It was “disproportionate” to make a constitutional ban for the few women in Switzerland who are fully veiled, the council said, adding that religious motives for facial coverings are not comparable to facial coverings to escape criminal prosecution. It argued that the ban would create “a difficult dilemma” for the women affected.
“They would be exposed to a double injunction: on the one hand the religious requirement to cover their heads and, on the other hand, the state obligation to uncover their heads,” said the statement.
“The initiative claims to want to strengthen public safety. However, it is in reality directed against a tiny minority of the population. The initiative does not solve any problem, neither for the women concerned, nor in response to the challenges posed by radical religious ideologies in our society,” the statement added.
Andreas Tunger-Zanetti, director of the Center for the Study of Religions at the University of Lucerne, discussed the question in a Feb. 19 interview with the Catholic media center Cath-Info, a service of the Conference of Swiss Bishops.

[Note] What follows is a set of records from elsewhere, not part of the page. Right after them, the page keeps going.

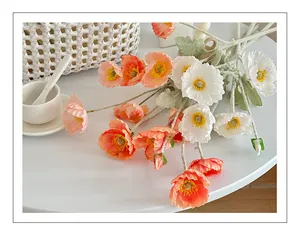 Detailed view of artificial poppy flowers with flocked stems and soft silk petals
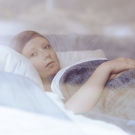 woman lying in hospital bed + cancer + hospice care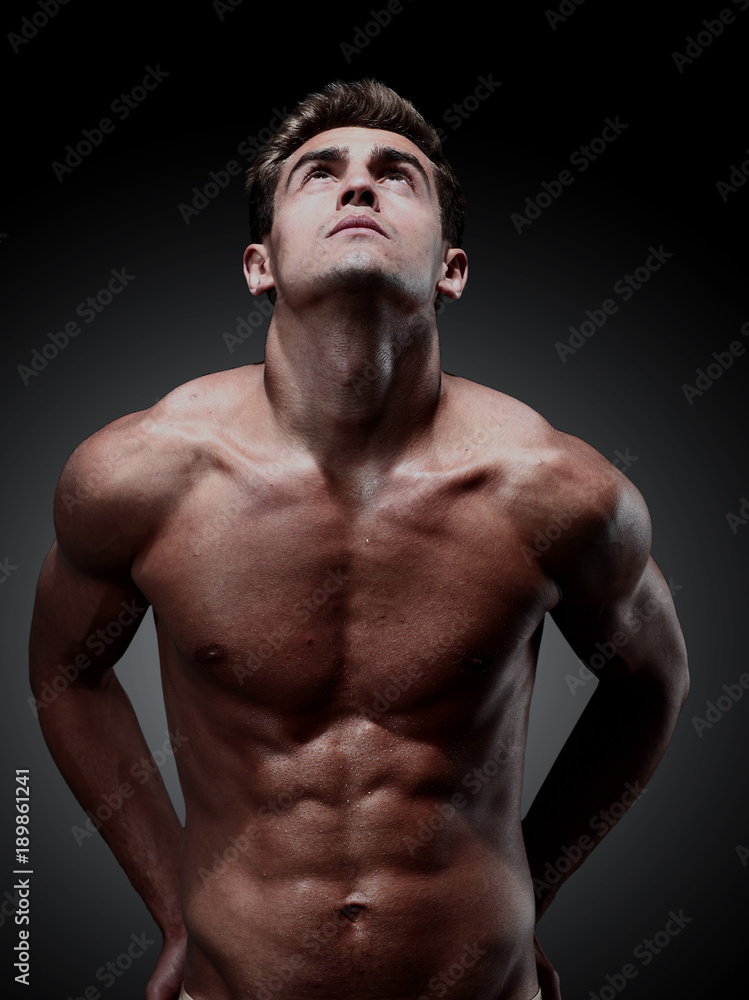 portrait of young strong man against black background portrait of young strong man against black background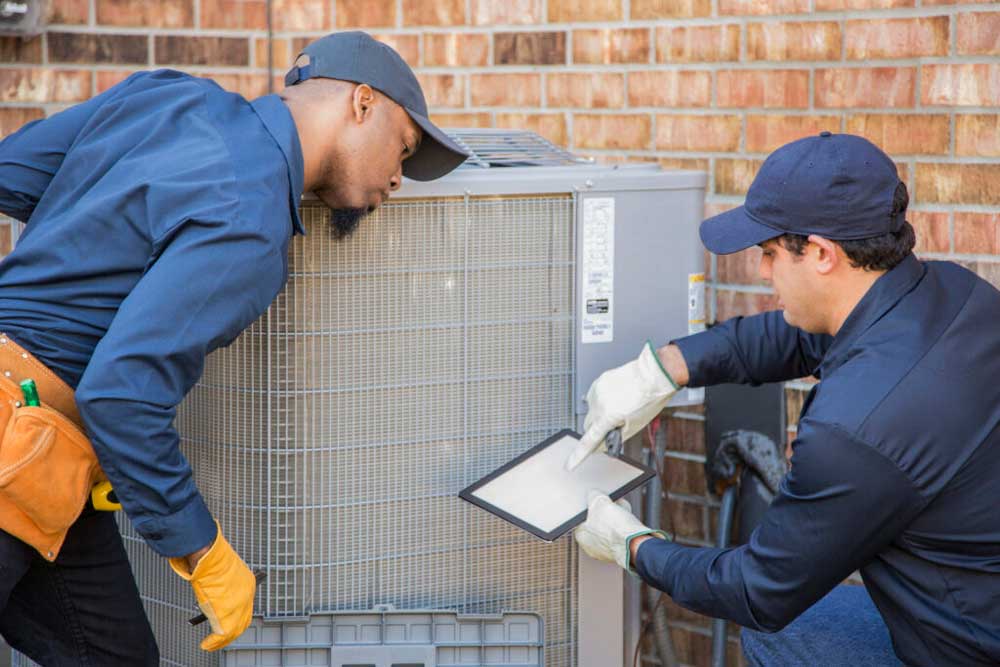 Two technicians wearing navy uniforms and caps work on an outdoor air conditioning unit. One holds a tablet, while the other inspects the unit closely. Both are intent on the task. The brick wall of a building is visible in the background.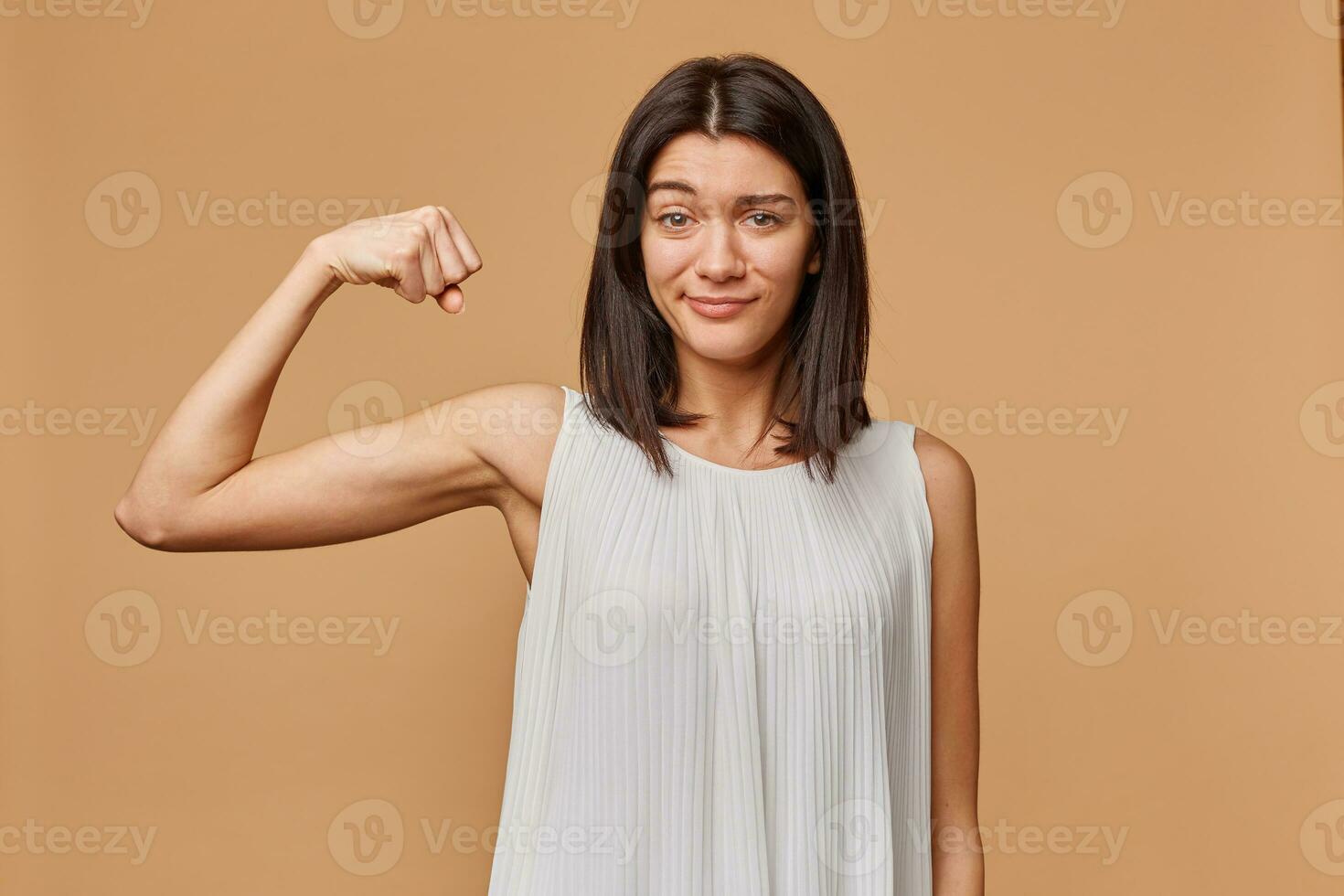 Portrait of a girl confident proud of her strength clenches a fist and bent her arm to show her muscles, isolated over beige background photo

“Many women who wear a nikab especially want to keep religious commandments. This is often based on a fundamentalist interpretation,” Tunger-Zantetti said. “In some cases, there may be a political agenda behind it. But the link with an organized Salafist Islam, political or pietist, is rather weak.”
He voiced concern about the decline in knowledge of religious facts and concepts and in the ability to interpret religious practice. Many people do not know the number of daily prayers Muslims are required to say, and they see even this practice as “a sign of radicalization.”
He saw the measure as “a defensive reflex due to uncertainty.”
Other European countries have passed rules that conflict with religious practices.
In Belgium, both Muslim halal and Jewish kosher slaughter practices have been banned on animal welfare grounds. In December 2020 a European Union court said the Belgian law is justified by the need to promote animal welfare even if it does not accommodate religious freedom.
Belgian’s Jewish umbrella group said they would take the case to the European Court of Human Rights.
European Union rules and regulations in many European countries require that animals be made insensible to pain before slaughter. Both Muslim and Jewish rules regarding animal slaughter preclude stunning because they require that the animals be in perfect health. Most European countries and the EU have religious exemptions to the requirement to stun animals. The Belgian rules do not.